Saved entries
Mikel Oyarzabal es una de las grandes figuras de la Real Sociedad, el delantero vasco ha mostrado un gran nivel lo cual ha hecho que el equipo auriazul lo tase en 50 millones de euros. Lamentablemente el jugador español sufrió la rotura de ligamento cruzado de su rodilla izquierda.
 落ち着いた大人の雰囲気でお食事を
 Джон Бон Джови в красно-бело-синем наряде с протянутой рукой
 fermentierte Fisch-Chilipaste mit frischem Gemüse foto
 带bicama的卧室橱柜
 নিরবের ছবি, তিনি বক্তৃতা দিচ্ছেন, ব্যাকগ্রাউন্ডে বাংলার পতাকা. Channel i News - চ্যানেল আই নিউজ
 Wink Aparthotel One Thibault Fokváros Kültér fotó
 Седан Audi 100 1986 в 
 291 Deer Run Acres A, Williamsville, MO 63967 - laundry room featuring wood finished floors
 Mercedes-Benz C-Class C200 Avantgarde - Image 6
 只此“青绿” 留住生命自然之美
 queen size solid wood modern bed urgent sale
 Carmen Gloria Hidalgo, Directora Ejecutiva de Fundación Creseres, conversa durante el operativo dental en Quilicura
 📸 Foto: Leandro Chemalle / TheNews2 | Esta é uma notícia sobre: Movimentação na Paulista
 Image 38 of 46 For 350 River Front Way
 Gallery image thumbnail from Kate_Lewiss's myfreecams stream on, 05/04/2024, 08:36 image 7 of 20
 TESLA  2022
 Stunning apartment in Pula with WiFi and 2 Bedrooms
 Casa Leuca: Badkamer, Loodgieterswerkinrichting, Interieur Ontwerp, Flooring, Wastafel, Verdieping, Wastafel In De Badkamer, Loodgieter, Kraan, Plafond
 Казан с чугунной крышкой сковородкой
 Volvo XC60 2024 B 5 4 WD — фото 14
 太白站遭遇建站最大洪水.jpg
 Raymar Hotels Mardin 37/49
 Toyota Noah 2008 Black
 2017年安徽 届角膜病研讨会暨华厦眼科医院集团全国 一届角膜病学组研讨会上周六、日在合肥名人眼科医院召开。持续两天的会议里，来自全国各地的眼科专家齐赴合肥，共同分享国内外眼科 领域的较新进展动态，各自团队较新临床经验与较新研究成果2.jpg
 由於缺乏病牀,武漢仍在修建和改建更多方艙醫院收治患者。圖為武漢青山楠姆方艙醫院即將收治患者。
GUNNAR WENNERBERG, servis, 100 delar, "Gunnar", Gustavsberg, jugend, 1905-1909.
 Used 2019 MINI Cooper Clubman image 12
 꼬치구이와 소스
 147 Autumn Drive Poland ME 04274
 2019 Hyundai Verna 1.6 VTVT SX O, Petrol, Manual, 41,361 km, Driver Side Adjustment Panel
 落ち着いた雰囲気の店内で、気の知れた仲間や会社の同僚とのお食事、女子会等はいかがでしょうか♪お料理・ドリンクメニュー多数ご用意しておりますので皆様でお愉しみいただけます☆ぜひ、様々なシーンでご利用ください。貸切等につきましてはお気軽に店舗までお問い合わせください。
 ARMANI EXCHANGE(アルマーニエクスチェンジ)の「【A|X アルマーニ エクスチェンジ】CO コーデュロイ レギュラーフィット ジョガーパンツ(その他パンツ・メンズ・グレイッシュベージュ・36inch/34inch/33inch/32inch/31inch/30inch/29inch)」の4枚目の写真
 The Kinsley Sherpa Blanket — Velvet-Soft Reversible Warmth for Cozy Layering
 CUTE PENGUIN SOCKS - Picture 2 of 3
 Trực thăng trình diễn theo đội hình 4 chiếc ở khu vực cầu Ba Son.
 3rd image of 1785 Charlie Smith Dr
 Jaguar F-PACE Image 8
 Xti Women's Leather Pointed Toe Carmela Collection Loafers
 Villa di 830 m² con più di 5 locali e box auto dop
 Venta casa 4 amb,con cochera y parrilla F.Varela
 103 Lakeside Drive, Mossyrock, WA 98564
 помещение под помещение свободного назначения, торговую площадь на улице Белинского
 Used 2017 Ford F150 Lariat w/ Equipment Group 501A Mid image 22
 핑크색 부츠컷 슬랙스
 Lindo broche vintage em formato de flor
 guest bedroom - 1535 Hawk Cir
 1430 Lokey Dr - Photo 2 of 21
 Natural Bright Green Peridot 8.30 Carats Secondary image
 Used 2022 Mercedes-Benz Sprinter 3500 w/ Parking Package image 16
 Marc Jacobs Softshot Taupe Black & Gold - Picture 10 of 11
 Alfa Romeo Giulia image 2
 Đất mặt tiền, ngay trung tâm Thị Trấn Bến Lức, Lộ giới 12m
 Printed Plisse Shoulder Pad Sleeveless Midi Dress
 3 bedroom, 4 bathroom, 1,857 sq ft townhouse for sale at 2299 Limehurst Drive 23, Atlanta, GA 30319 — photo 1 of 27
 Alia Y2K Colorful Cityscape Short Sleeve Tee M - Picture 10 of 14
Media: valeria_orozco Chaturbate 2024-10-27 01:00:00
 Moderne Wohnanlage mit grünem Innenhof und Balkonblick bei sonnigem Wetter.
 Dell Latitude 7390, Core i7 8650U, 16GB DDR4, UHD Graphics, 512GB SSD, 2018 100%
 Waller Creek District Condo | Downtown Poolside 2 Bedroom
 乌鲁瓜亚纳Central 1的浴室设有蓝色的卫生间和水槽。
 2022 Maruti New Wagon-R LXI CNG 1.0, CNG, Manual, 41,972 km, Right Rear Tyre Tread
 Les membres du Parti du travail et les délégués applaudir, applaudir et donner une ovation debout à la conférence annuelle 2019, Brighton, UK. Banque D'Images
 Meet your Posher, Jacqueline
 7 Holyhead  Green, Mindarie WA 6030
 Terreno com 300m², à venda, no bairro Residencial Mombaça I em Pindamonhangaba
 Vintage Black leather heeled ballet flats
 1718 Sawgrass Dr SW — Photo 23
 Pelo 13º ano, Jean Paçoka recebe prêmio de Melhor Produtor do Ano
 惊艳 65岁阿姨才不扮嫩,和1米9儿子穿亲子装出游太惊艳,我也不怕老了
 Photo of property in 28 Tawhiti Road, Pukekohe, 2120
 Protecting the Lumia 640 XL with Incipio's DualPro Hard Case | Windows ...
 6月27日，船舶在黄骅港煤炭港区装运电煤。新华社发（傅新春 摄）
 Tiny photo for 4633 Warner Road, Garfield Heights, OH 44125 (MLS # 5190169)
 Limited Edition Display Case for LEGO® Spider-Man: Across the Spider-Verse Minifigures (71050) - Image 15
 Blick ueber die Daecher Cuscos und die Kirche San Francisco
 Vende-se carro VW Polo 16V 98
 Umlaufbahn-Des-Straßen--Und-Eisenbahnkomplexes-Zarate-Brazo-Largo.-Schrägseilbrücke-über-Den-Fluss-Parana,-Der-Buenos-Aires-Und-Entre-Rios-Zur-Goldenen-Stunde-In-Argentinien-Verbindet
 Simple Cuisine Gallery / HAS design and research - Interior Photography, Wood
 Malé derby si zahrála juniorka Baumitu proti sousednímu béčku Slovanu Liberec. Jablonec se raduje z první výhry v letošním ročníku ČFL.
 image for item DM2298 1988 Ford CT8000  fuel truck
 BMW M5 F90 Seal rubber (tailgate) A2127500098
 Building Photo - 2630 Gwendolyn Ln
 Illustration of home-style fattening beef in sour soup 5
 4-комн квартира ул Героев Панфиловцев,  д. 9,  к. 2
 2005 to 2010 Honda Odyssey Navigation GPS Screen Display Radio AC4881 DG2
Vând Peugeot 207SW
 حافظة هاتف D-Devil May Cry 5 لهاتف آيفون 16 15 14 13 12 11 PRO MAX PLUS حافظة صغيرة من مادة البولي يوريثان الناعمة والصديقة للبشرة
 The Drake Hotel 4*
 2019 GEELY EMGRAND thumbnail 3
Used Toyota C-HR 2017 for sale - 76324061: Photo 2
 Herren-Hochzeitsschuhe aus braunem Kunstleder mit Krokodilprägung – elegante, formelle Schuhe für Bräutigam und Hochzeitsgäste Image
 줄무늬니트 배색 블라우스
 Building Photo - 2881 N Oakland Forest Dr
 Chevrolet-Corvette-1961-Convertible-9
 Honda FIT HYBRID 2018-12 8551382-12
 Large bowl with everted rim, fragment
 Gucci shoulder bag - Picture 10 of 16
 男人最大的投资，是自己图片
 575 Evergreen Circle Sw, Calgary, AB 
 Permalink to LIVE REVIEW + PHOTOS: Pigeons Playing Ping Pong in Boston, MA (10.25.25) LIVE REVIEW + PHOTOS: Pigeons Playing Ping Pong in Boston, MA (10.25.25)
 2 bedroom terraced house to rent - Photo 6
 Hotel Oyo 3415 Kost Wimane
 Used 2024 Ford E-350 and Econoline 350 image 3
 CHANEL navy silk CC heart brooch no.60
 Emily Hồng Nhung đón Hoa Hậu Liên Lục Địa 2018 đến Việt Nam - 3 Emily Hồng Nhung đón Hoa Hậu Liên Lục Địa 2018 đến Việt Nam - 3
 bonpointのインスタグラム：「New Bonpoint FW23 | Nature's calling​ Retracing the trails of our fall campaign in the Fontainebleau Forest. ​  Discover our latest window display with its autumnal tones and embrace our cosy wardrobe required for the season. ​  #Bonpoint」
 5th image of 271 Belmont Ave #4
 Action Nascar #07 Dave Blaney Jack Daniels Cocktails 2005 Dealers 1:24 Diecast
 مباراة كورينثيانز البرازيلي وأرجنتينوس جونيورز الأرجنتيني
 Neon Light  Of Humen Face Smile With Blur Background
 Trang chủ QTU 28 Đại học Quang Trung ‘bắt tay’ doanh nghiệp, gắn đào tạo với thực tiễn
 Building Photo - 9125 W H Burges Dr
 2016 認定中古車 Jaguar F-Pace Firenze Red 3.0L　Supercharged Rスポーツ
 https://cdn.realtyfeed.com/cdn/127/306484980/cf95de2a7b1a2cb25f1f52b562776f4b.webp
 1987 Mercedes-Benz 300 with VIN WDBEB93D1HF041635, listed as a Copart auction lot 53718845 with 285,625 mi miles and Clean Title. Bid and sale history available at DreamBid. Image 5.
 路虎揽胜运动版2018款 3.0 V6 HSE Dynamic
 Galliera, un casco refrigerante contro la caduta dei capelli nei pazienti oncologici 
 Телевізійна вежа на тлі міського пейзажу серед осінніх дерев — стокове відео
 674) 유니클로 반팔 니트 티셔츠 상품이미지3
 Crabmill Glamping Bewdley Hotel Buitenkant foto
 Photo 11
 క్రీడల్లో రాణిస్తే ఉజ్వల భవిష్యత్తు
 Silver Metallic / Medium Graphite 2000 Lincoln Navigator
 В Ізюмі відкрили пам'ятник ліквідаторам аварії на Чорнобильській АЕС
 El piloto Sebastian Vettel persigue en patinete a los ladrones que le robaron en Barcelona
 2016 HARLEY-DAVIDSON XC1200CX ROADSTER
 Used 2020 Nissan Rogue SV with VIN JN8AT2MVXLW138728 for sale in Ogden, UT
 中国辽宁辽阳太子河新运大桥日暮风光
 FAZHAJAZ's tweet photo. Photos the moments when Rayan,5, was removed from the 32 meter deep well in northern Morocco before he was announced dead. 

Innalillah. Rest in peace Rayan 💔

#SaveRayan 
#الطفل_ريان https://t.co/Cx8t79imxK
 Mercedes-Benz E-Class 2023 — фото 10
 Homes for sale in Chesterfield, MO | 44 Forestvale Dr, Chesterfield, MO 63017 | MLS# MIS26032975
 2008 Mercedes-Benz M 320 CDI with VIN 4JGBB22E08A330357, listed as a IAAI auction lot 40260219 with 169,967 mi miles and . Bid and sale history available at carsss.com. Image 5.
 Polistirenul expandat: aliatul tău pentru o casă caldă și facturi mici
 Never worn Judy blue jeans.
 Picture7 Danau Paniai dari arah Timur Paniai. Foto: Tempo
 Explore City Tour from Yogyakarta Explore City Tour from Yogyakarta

Exercise prompt:
Return the span of lines in the data above that opens at the line with "queen size solid wood modern bed urgent sale" and closes at the line with "Venta casa 4", exactly, ends included, nothing else.

Response to this exercise:
 queen size solid wood modern bed urgent sale
 Carmen Gloria Hidalgo, Directora Ejecutiva de Fundación Creseres, conversa durante el operativo dental en Quilicura
 📸 Foto: Leandro Chemalle / TheNews2 | Esta é uma notícia sobre: Movimentação na Paulista
 Image 38 of 46 For 350 River Front Way
 Gallery image thumbnail from Kate_Lewiss's myfreecams stream on, 05/04/2024, 08:36 image 7 of 20
 TESLA  2022
 Stunning apartment in Pula with WiFi and 2 Bedrooms
 Casa Leuca: Badkamer, Loodgieterswerkinrichting, Interieur Ontwerp, Flooring, Wastafel, Verdieping, Wastafel In De Badkamer, Loodgieter, Kraan, Plafond
 Казан с чугунной крышкой сковородкой
 Volvo XC60 2024 B 5 4 WD — фото 14
 太白站遭遇建站最大洪水.jpg
 Raymar Hotels Mardin 37/49
 Toyota Noah 2008 Black
 2017年安徽 届角膜病研讨会暨华厦眼科医院集团全国 一届角膜病学组研讨会上周六、日在合肥名人眼科医院召开。持续两天的会议里，来自全国各地的眼科专家齐赴合肥，共同分享国内外眼科 领域的较新进展动态，各自团队较新临床经验与较新研究成果2.jpg
 由於缺乏病牀,武漢仍在修建和改建更多方艙醫院收治患者。圖為武漢青山楠姆方艙醫院即將收治患者。
GUNNAR WENNERBERG, servis, 100 delar, "Gunnar", Gustavsberg, jugend, 1905-1909.
 Used 2019 MINI Cooper Clubman image 12
 꼬치구이와 소스
 147 Autumn Drive Poland ME 04274
 2019 Hyundai Verna 1.6 VTVT SX O, Petrol, Manual, 41,361 km, Driver Side Adjustment Panel
 落ち着いた雰囲気の店内で、気の知れた仲間や会社の同僚とのお食事、女子会等はいかがでしょうか♪お料理・ドリンクメニュー多数ご用意しておりますので皆様でお愉しみいただけます☆ぜひ、様々なシーンでご利用ください。貸切等につきましてはお気軽に店舗までお問い合わせください。
 ARMANI EXCHANGE(アルマーニエクスチェンジ)の「【A|X アルマーニ エクスチェンジ】CO コーデュロイ レギュラーフィット ジョガーパンツ(その他パンツ・メンズ・グレイッシュベージュ・36inch/34inch/33inch/32inch/31inch/30inch/29inch)」の4枚目の写真
 The Kinsley Sherpa Blanket — Velvet-Soft Reversible Warmth for Cozy Layering
 CUTE PENGUIN SOCKS - Picture 2 of 3
 Trực thăng trình diễn theo đội hình 4 chiếc ở khu vực cầu Ba Son.
 3rd image of 1785 Charlie Smith Dr
 Jaguar F-PACE Image 8
 Xti Women's Leather Pointed Toe Carmela Collection Loafers
 Villa di 830 m² con più di 5 locali e box auto dop
 Venta casa 4 amb,con cochera y parrilla F.Varela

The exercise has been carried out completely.